[Start of Attachment]

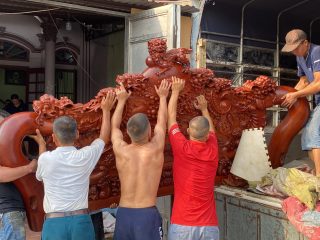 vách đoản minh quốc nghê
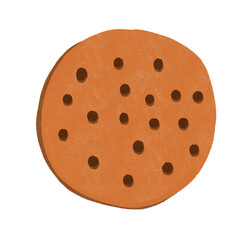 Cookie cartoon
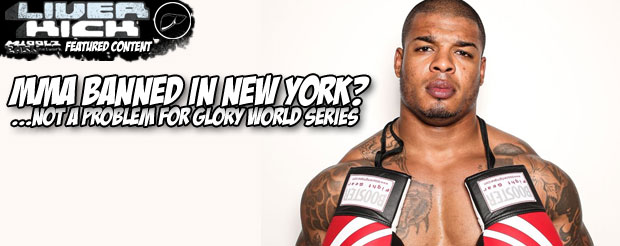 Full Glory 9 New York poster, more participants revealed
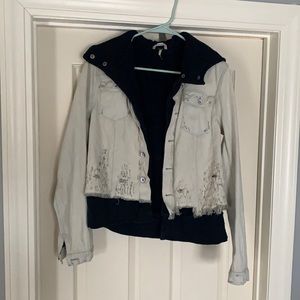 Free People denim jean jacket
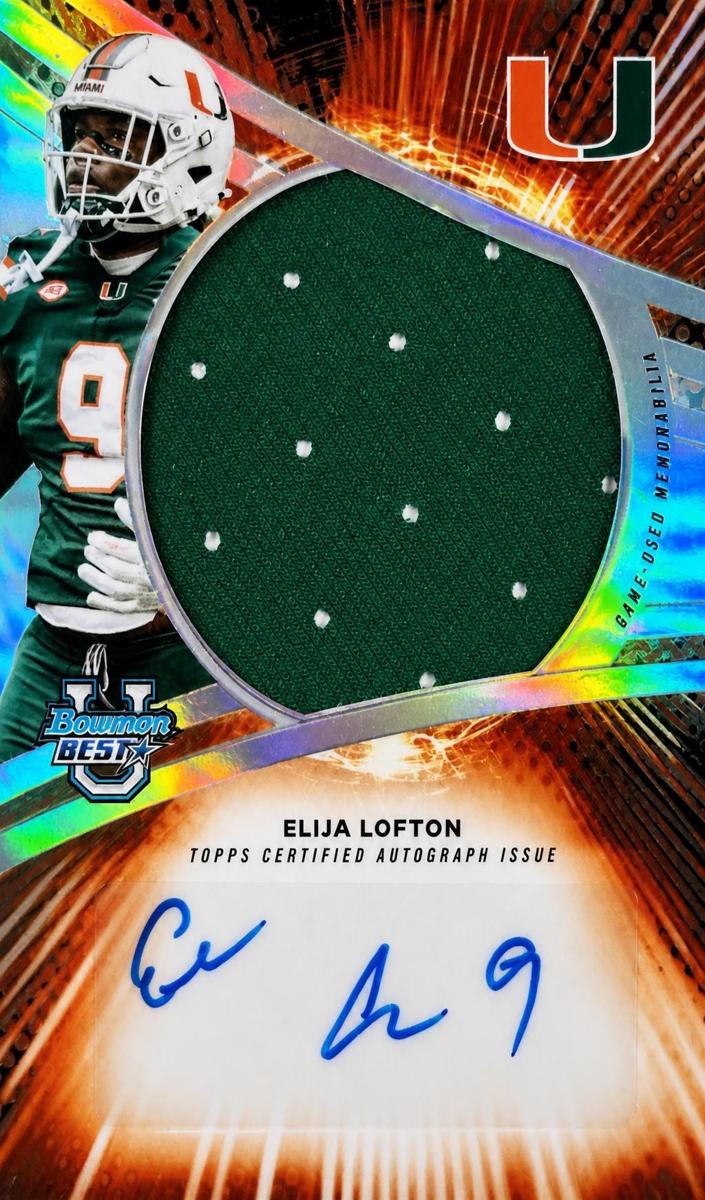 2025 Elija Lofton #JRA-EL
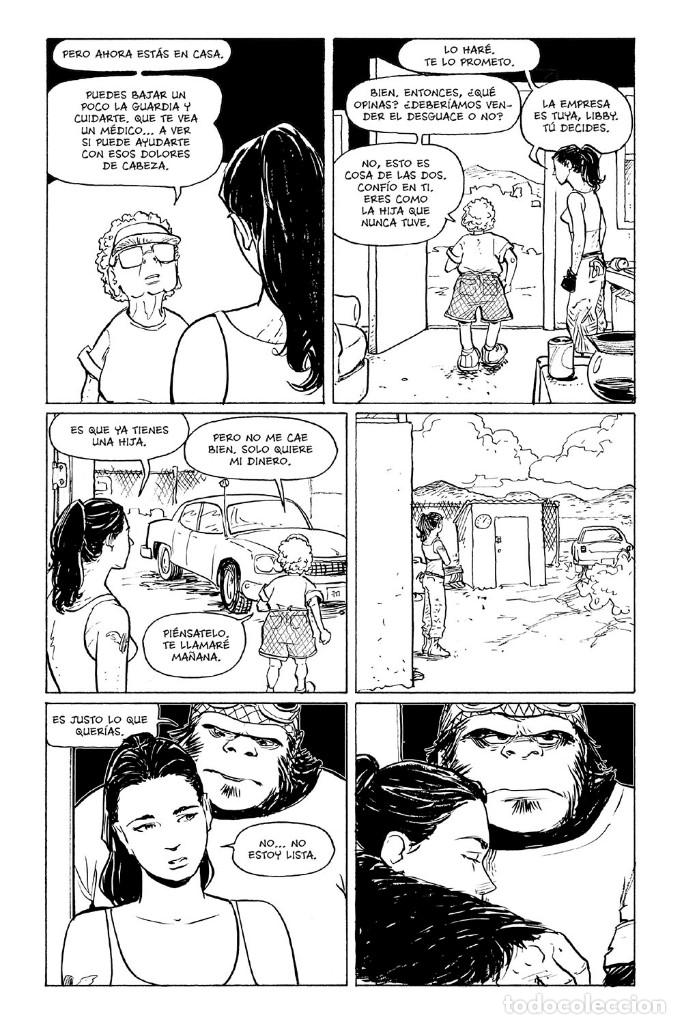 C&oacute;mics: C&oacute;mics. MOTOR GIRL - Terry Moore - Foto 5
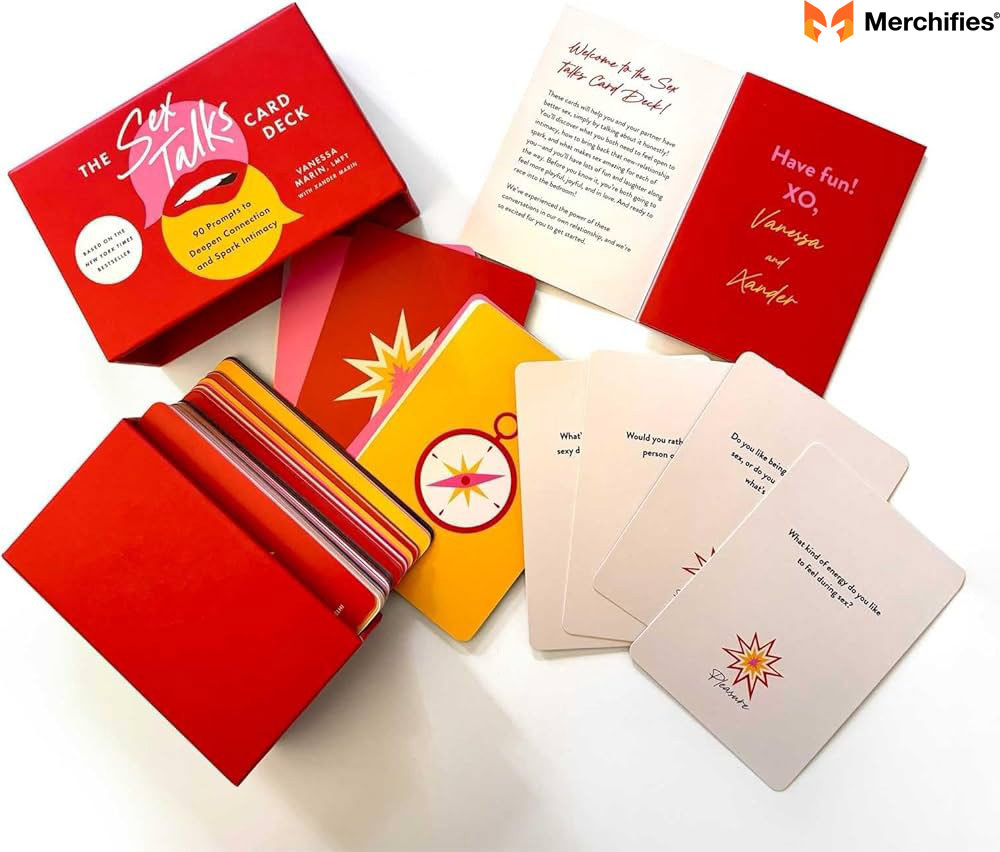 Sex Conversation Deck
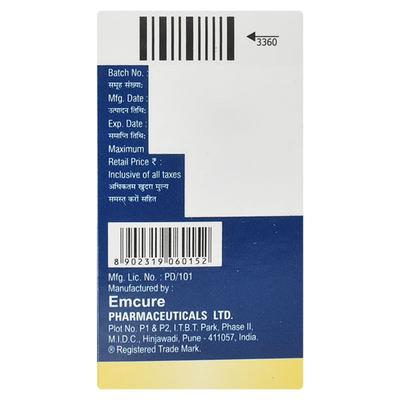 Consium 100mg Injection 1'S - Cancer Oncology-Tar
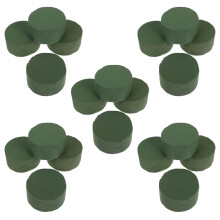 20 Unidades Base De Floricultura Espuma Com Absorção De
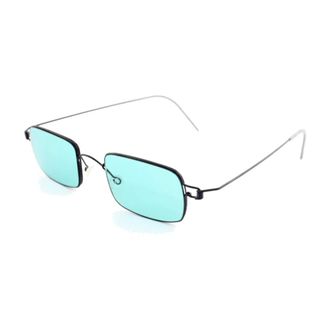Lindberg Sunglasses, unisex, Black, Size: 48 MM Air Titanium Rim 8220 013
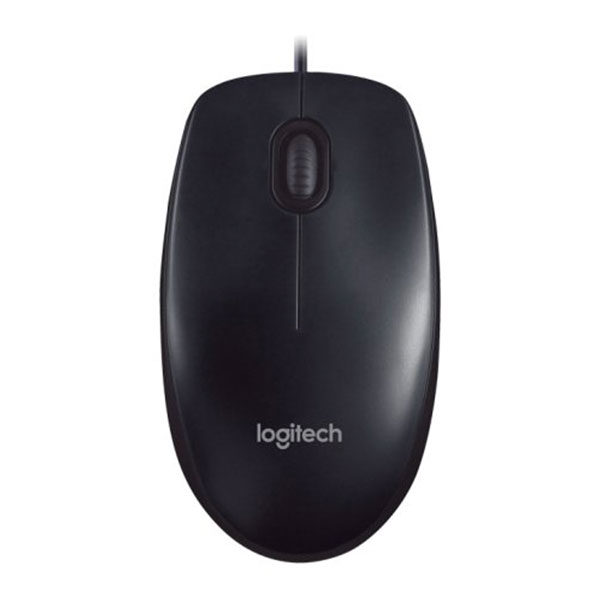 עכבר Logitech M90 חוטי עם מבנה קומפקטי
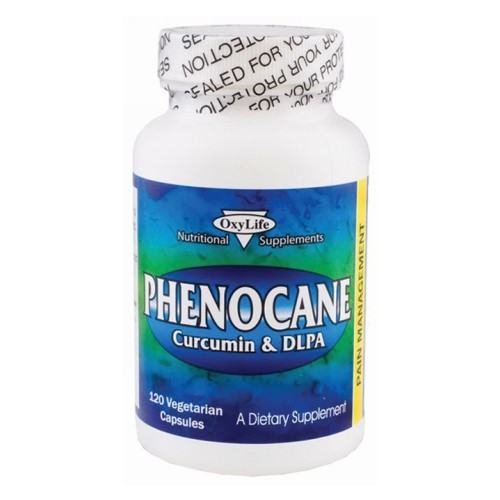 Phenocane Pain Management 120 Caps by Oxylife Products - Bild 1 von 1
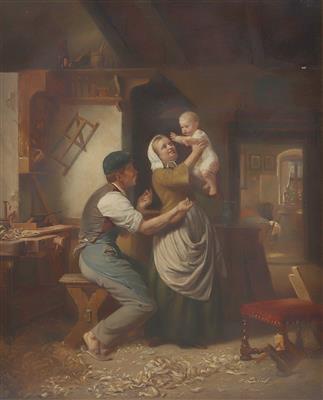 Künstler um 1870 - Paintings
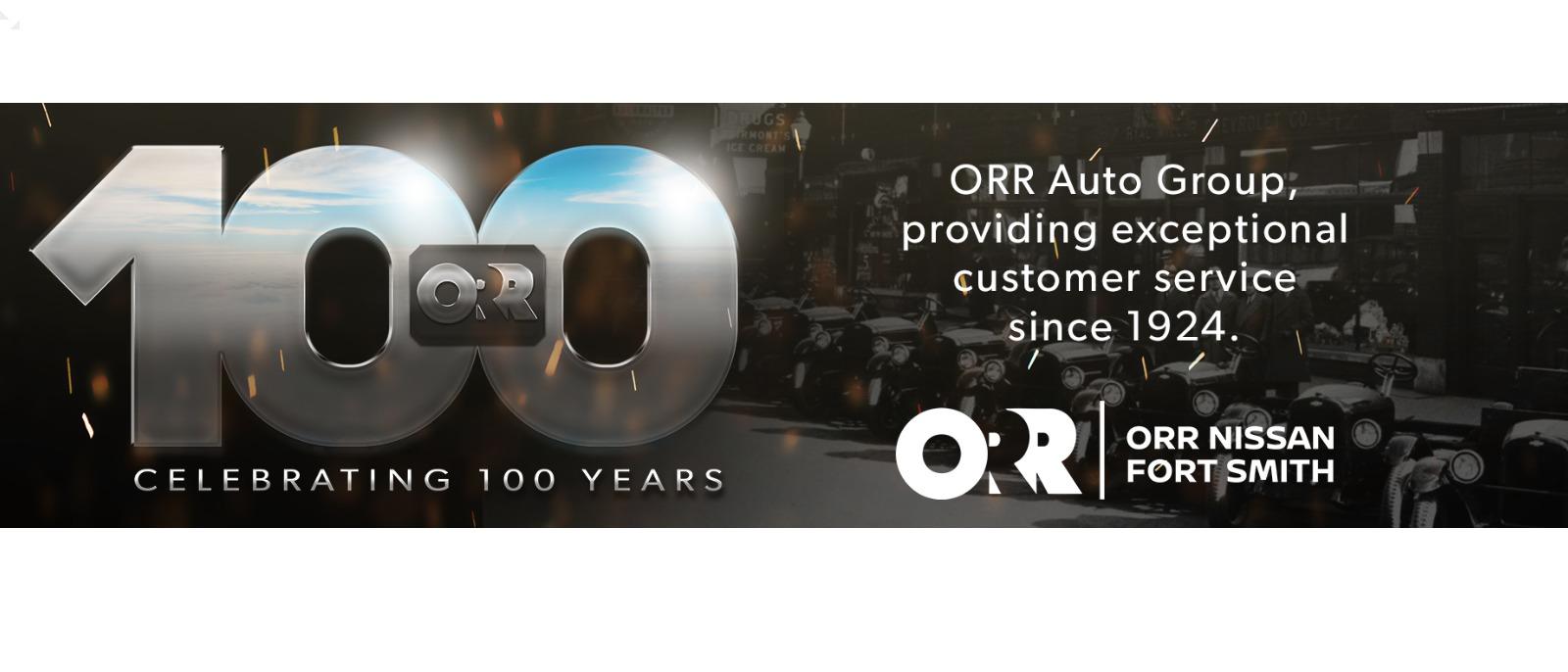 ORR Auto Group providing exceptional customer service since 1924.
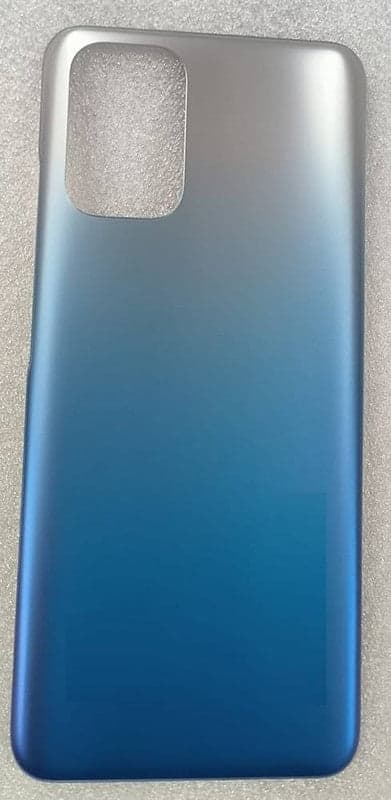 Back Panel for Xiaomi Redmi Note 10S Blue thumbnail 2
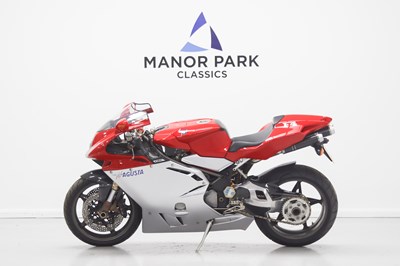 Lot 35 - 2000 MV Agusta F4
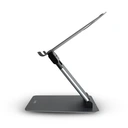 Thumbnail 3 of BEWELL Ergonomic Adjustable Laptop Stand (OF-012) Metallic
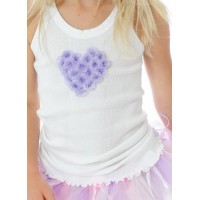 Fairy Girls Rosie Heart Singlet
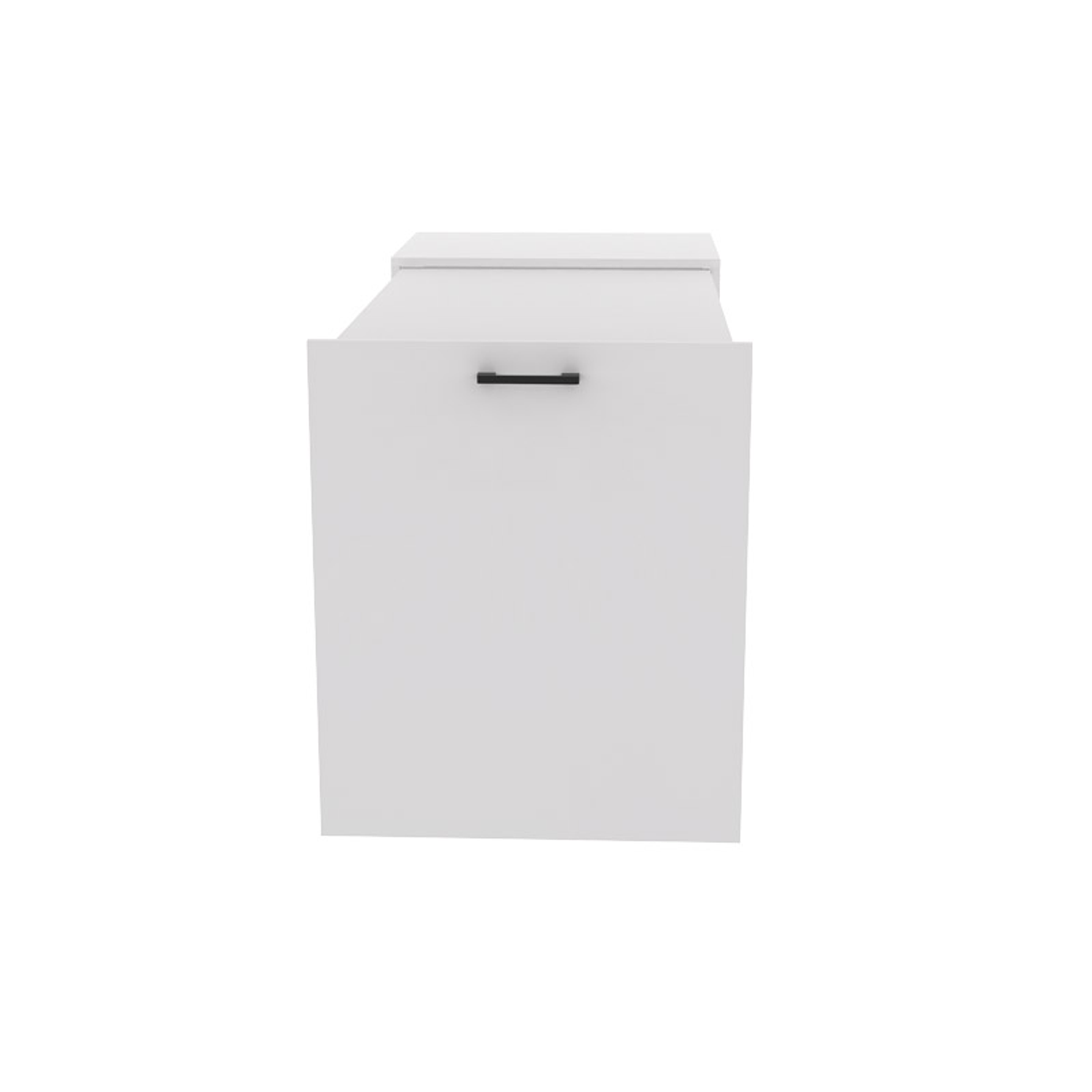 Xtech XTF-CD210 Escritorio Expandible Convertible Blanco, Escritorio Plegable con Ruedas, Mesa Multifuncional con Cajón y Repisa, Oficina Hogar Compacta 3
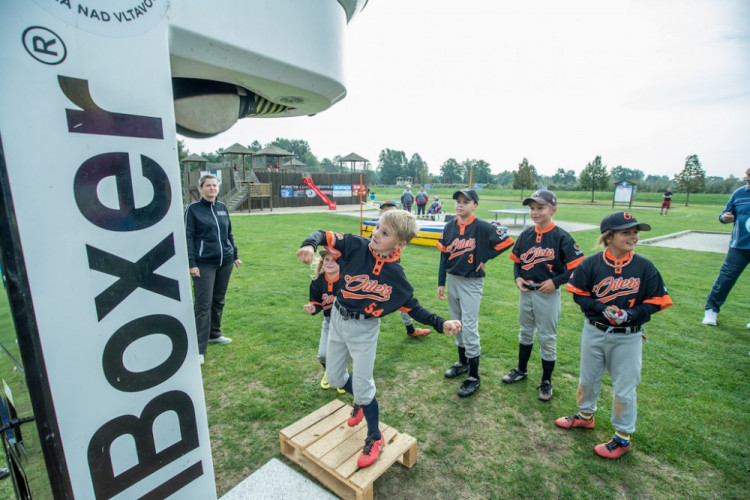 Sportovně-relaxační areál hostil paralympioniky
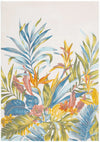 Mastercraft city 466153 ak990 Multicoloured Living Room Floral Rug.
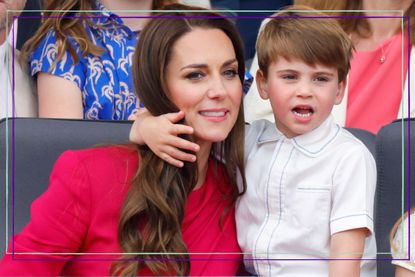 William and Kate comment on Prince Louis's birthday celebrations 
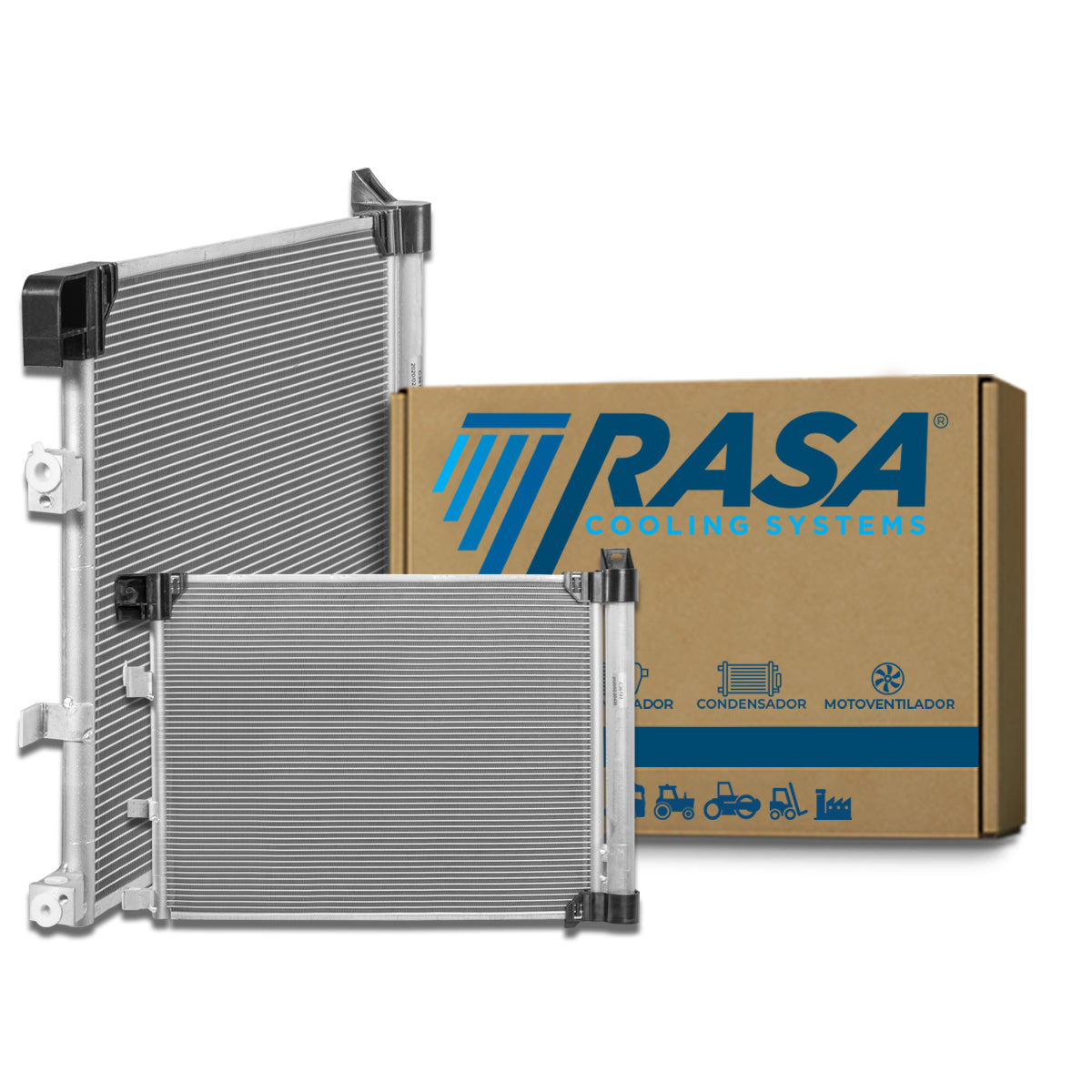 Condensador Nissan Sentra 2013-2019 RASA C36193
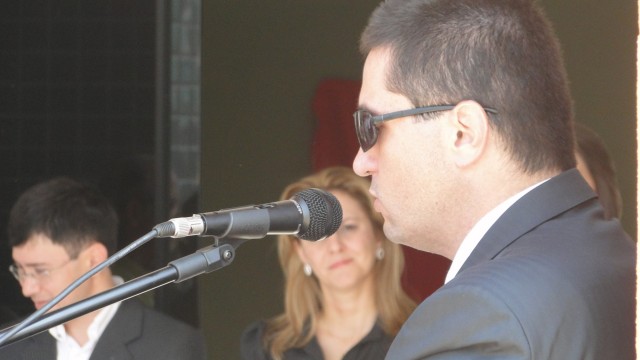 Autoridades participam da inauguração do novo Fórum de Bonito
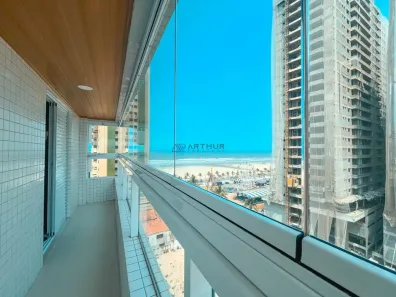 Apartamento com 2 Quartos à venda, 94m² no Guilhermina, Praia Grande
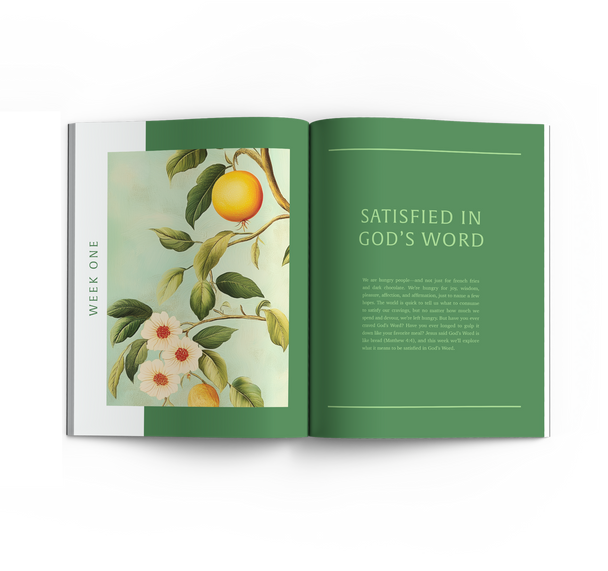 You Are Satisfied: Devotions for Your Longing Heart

[End of Attachment]

▶ [PROBLEM DESCRIPTION]:
The expected output is an exact retyping of the lines from the line with "Sex Conversation Deck" through the last line of the data, with both ends kept and the pictures dropped.

▶ [SOLVED EXERCISE]:
 Sex Conversation Deck
 Consium 100mg Injection 1'S - Cancer Oncology-Tar
 20 Unidades Base De Floricultura Espuma Com Absorção De
Lindberg Sunglasses, unisex, Black, Size: 48 MM Air Titanium Rim 8220 013
 עכבר Logitech M90 חוטי עם מבנה קומפקטי
 Phenocane Pain Management 120 Caps by Oxylife Products - Bild 1 von 1
 Künstler um 1870 - Paintings
 ORR Auto Group providing exceptional customer service since 1924.
 Back Panel for Xiaomi Redmi Note 10S Blue thumbnail 2
 Lot 35 - 2000 MV Agusta F4
 Thumbnail 3 of BEWELL Ergonomic Adjustable Laptop Stand (OF-012) Metallic
 Fairy Girls Rosie Heart Singlet
 Xtech XTF-CD210 Escritorio Expandible Convertible Blanco, Escritorio Plegable con Ruedas, Mesa Multifuncional con Cajón y Repisa, Oficina Hogar Compacta 3
 Sportovně-relaxační areál hostil paralympioniky
 Mastercraft city 466153 ak990 Multicoloured Living Room Floral Rug.
 William and Kate comment on Prince Louis's birthday celebrations 
 Condensador Nissan Sentra 2013-2019 RASA C36193
 Autoridades participam da inauguração do novo Fórum de Bonito
 Apartamento com 2 Quartos à venda, 94m² no Guilhermina, Praia Grande
 You Are Satisfied: Devotions for Your Longing Heart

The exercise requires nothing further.